Most apparently sound stewards of capital were revealed to be anything but during the 2007-09 financial crisis. Bank bosses were shown to have taken on too much risk. Star hedge-fund managers suffered losses. Nor have the years since then been kind. Banks have been tied up in regulatory knots and returns at hedge funds have been pedestrian at best.


Now another savage recession is in full swing and the performance of pe is a crucial question for investors and the economy. The leveraged companies and debt instruments in pe portfolios are vulnerable and much depends on whether managers can tide these investments over. Meanwhile they have amassed $1.6trn in dry powder that they can deploy on new deals. pe shops’ fate depends on whether the hit to their existing investments is nasty enough to wipe out the potential gains from dealmaking afforded by the crisis.

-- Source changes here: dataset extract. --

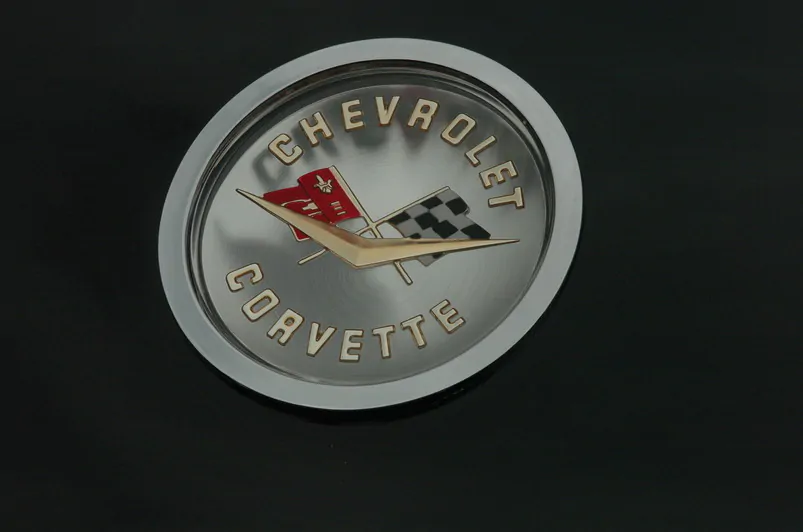 Silver custom coins for corporate celebrations. Chevrolet Corvette logo embossed on a silver coin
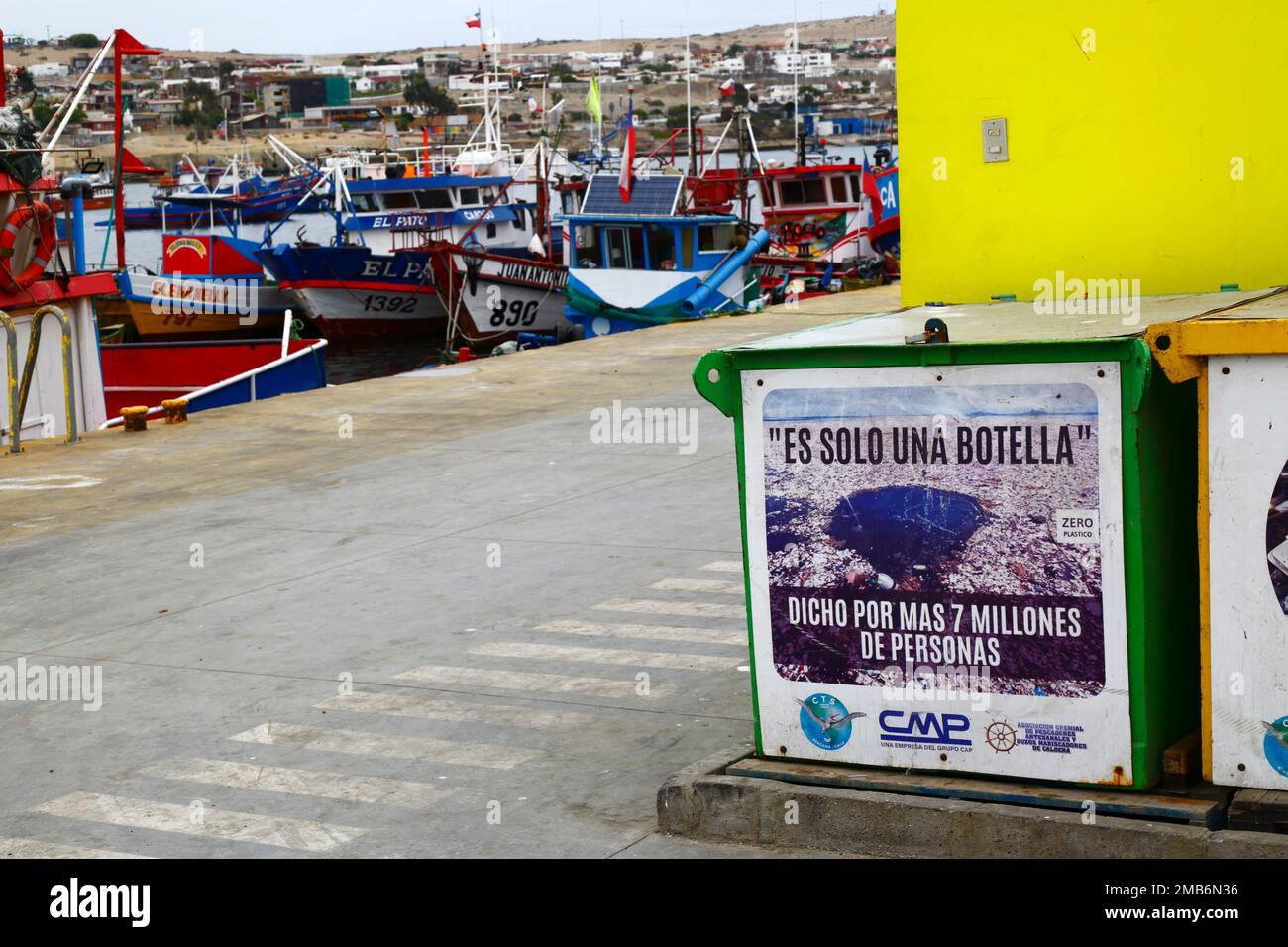 Sign in fishing docks encouraging people and fishermen not to throw plastic bottles into the sea, Caldera, Chile. The Spanish translates as 'It's only one bottle, said more than 7 million people'. Stock Photo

Start with the potential losses. In the first quarter of 2020 the four large listed pe firms, Apollo, Blackstone, Carlyle and kkr, reported paper losses on their portfolios of $90bn. That sounds big, but is just 7% of their assets under management, reflecting their ability to control how privately held assets are valued and, perhaps, their investment acumen. After an early scare pe firms’ shareholders have concluded that the outlook is fairly bright (see chart).


Even so, several other factors may have changed to work in pe’s favour. Much debt issued to back pe deals has become “covenant-light”, meaning that companies can endure a big slump in profits without triggering penalties from their lenders. Since the 2007-09 crisis many pe managers have also set up huge credit arms—for the big four firms, these now account for a third of their assets. They may give managers more in-house expertise and mechanisms for raising debt, making it easier to restructure the debts of fragile portfolio companies on favourable terms.


Bailing out existing investments will drag down returns for pe shops. It remains to be seen if buying opportunities can make up for that. Most pe managers hope to use their newly expanded credit arms to scoop up bombed-out loans and bonds with collapsed prices—Leon Black, the founder of Apollo, has said the opportunity is “massive”. But the volume of traditional buy-outs dropped sharply in March, and only a few firms have since made purchases. For years pe barons have boasted of their huge piles of dry powder, which, if spent in a downturn, might generate outsized returns. Now it is time to pounce.